Lessons from a SAN Failure

At 1:10AM Sunday morning the main SAN at one of my clients suffered a “partial” failure. Partial means that the SAN was still online and functioning but the LUNs attached to our two main SQL Servers “failed”. Failed means that SQL Server wouldn’t start and the MDF and LDF files mostly showed a zero file size. But they were online and responding and most other LUNs were available.

I’m not sure how SANs know to fail at 1AM on a Saturday night but they seem to. From a personal standpoint this worked out poorly: I was out with friends and after more than a few drinks. From a work standpoint this was about the best time to fail you could imagine. Everything was running well before Monday morning. But it was a long, long Sunday. I started tipsy, got tired and ended up hung over later in the day. Note to self: Try not to go out drinking right before the SAN fails.

This caught us at an interesting time. We’re in the process of migrating to an entirely new set of servers so some things were partially moved. This made it difficult to follow our procedures as cleanly as we’d like. The benefit was that we had much better documentation of everything on the server. I would encourage everyone to really think through the process of implementing your DR plan and document as much as possible. Following a checklist is much easier than trying to remember at night under pressure in a hurry after a few drinks.

I had a series of estimates on how long things would take. They were accurate for any single server failure. They weren’t accurate for a SAN failure that took two servers down. This wasn’t bad but we should have communicated better.

Don’t forget how many things are outside the database. Logins, linked servers, DTS packages (yikes!), jobs, service broker, DTC (especially DTC), database triggers and any objects in the master database are all things you need backed up. We’d done a decent job on this and didn’t find significant problems here. That said this still took a lot of time. There were many annoyances as a result of this. Small settings like a login’s default database had a big impact on whether an application could run. This is probably the single biggest area of concern when looking to recreate a server. I’d encourage everyone to go through every single node of SSMS and look for user created objects or settings outside the database.

Script out your logins with the proper SID and already encrypted passwords and keep it updated. This makes life so much easier. I used an approach based on KB246133 that worked well. I’ll get my scripts posted over the next few days.

The disaster can cause your DR process to fail in unexpected ways. We have a job that scripts out all logins and role memberships and writes it to a file. This runs on the DR server and pulls from the production server. Upon opening the file I found that the contents were a “server not found” error. Fortunately we had other copies and didn’t need to try and restore the master database. This now runs on the production server and pushes the script to the DR site. Soon we’ll get it pushed to our version control software.

One of the biggest challenges is keeping your DR resources up to date. Any server change (new linked server, new SQL Server Agent job, etc.) means that your DR plan (and scripts) is out of date. It helps to automate the generation of these resources if possible.
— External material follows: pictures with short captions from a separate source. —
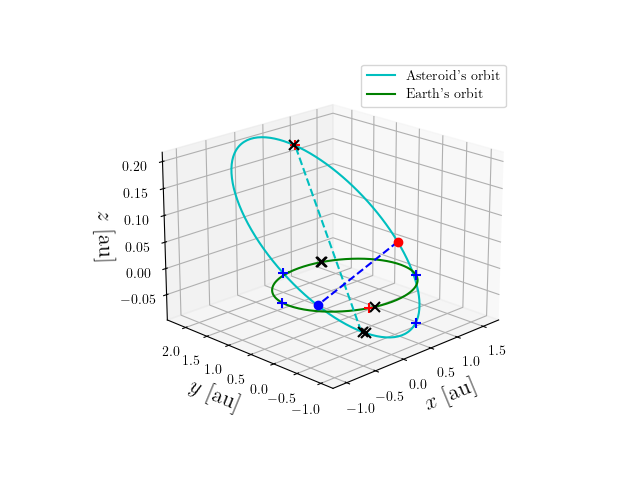 Asteroid orbit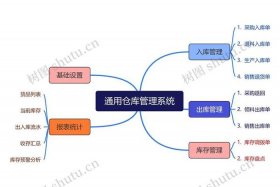 物流仓储配送设备、物流仓储配送设备树状图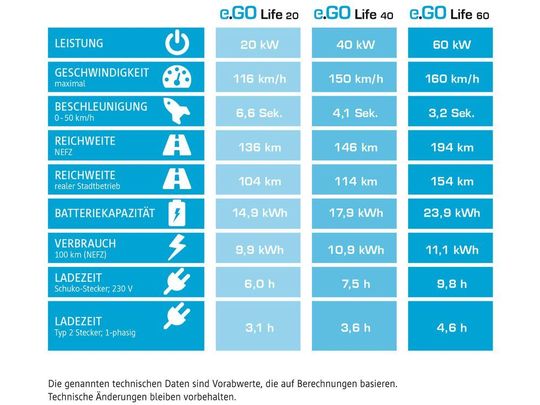 Die Leistungstabelle des e.GO Life mit 20/40/60 kW. Die Leistungstabelle des e.GO Life mit 20/40/60 kW.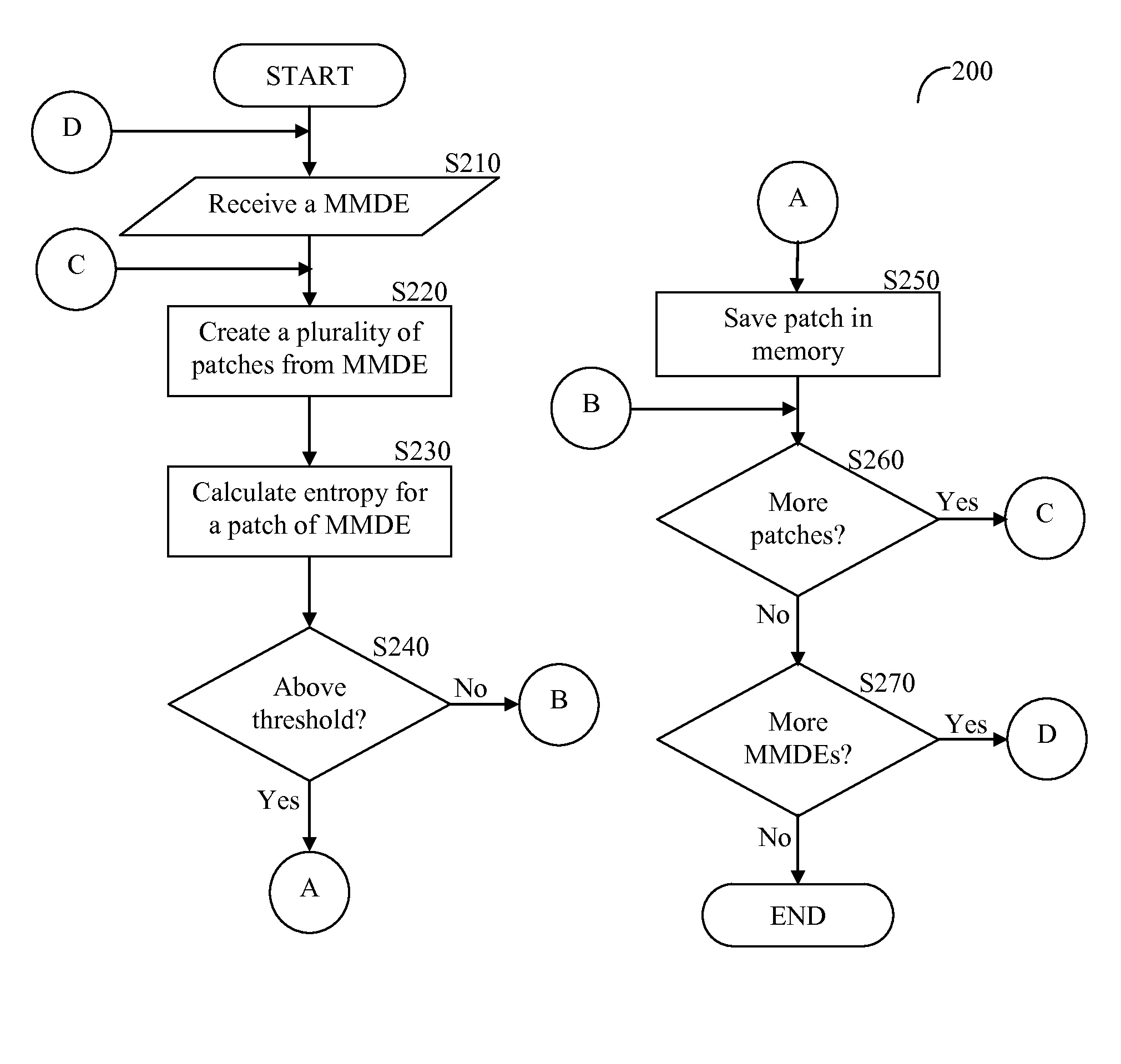 System and method for linking multimedia data elements to web pages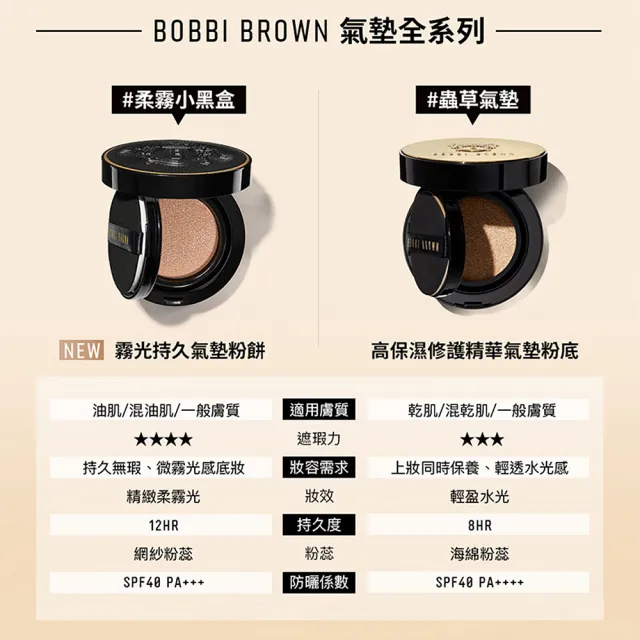 【Bobbi Brown 芭比波朗】霧光持久氣墊粉餅(SPF40 PA+++/柔霧小黑盒/持妝/遮瑕/控油/粉底)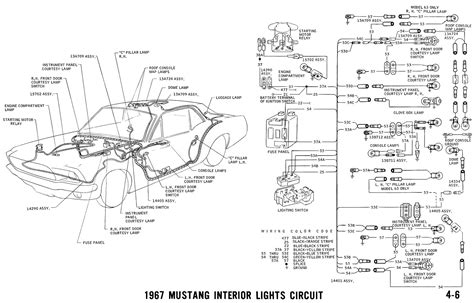 I have a 89 mustang v8 and im putting it in a 91 4cly. 67 Camaro Wire Harnes Routing - Wiring Diagram Networks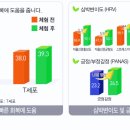 자연나무병원 이미지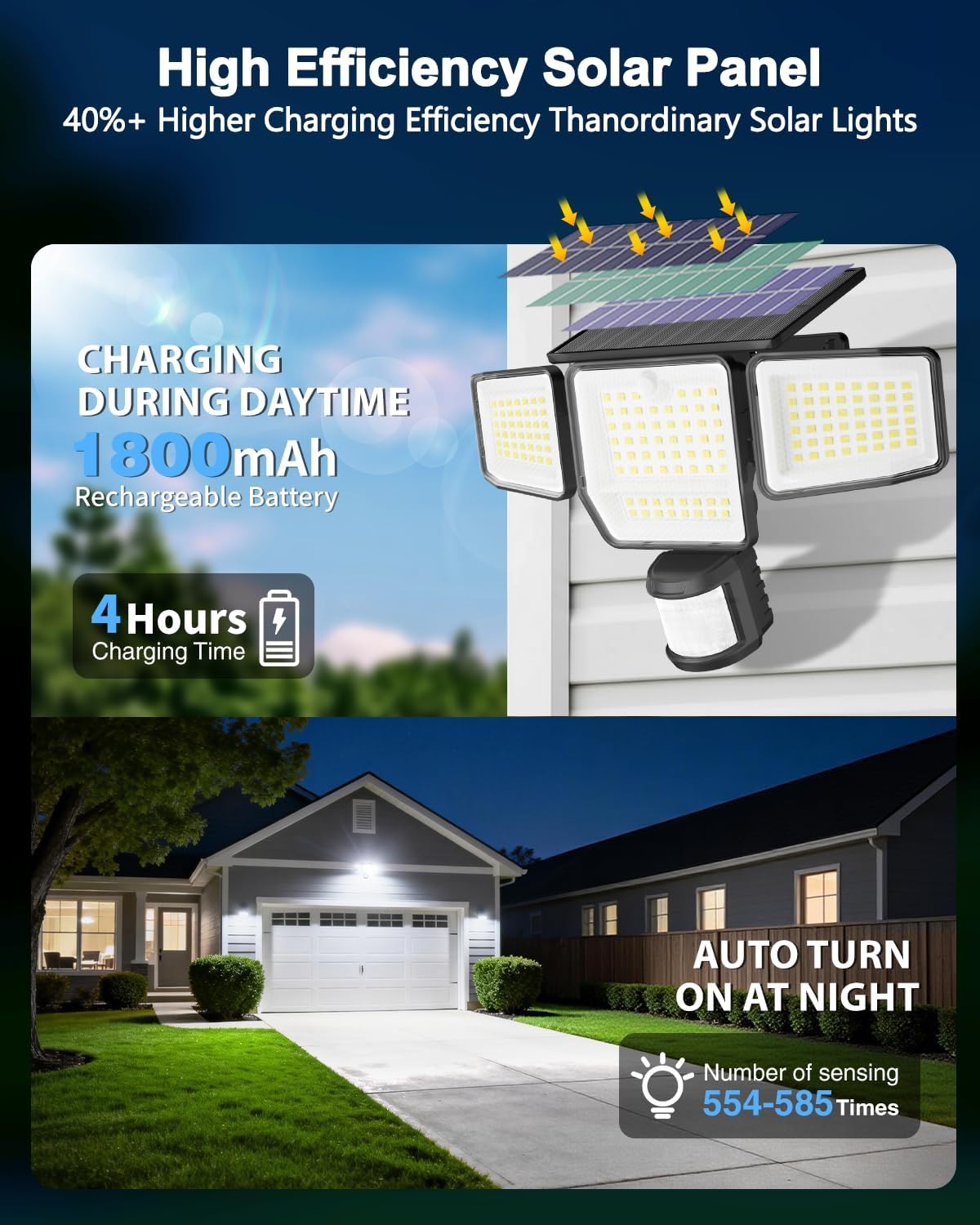 6000LM Solar Lights Outdoor, 4 Heads Motion Sensor Outdoor Lights, Solar Flood Lights for Yard House Outside Garage, IP65 Waterproof, 3 Modes, Easy Install, 3 Pack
Take time now to test your database restore process. We test ours quarterly. If you have a large database I’d also encourage you to invest in a compressed backup solution. Restoring backups was the single larger consumer of time during our recovery. And yes, there’s a database mirroring solution planned in our new architecture.

I didn’t have much involvement in things outside SQL Server but this caused many, many things to change in our environment. Many applications today aren’t just executables or web sites. They are a combination of those plus network infrastructure, reports, network ports, IP addresses, DTS and SSIS packages, batch systems and many other things. These all needed a little bit of attention to make sure they were functioning properly.

Profiler turned out to be a handy tool. I started a trace for failed logins and kept that running. That let me fix a number of problems before people were able to report them. I also ran traces to capture exceptions. This helped identify problems with linked servers.

Overall the thing that gave me the most problem was linked servers. In order for a linked server to function properly you need to be pointed to the right server, have the proper login information, have the network routes available and have MSDTC configured properly. We have a lot of linked servers and this created many failure points. Some of the older linked servers used IP addresses and not DNS names. This meant we had to go in and touch all those linked servers when the servers moved.